[Data section]:
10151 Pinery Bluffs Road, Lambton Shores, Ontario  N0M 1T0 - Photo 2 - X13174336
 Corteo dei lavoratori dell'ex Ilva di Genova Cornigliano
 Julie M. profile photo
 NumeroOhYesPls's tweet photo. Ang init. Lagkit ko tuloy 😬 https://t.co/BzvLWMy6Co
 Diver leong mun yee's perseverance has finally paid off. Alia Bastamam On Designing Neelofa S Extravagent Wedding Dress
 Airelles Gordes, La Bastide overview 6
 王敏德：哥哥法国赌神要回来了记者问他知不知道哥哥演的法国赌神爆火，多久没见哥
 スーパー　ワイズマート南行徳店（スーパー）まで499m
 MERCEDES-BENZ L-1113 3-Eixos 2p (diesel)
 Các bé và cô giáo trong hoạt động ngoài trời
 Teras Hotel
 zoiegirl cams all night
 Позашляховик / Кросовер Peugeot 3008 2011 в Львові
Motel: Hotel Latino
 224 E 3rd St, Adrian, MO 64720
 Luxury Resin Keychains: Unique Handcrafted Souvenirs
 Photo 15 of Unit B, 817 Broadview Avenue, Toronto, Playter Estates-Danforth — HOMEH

[Task goal]: Each entry is to be written out exactly as it was given.

[Result of this task]:
10151 Pinery Bluffs Road, Lambton Shores, Ontario  N0M 1T0 - Photo 2 - X13174336
 Corteo dei lavoratori dell'ex Ilva di Genova Cornigliano
 Julie M. profile photo
 NumeroOhYesPls's tweet photo. Ang init. Lagkit ko tuloy 😬 https://t.co/BzvLWMy6Co
 Diver leong mun yee's perseverance has finally paid off. Alia Bastamam On Designing Neelofa S Extravagent Wedding Dress
 Airelles Gordes, La Bastide overview 6
 王敏德：哥哥法国赌神要回来了记者问他知不知道哥哥演的法国赌神爆火，多久没见哥
 スーパー　ワイズマート南行徳店（スーパー）まで499m
 MERCEDES-BENZ L-1113 3-Eixos 2p (diesel)
 Các bé và cô giáo trong hoạt động ngoài trời
 Teras Hotel
 zoiegirl cams all night
 Позашляховик / Кросовер Peugeot 3008 2011 в Львові
Motel: Hotel Latino
 224 E 3rd St, Adrian, MO 64720
 Luxury Resin Keychains: Unique Handcrafted Souvenirs
 Photo 15 of Unit B, 817 Broadview Avenue, Toronto, Playter Estates-Danforth — HOMEH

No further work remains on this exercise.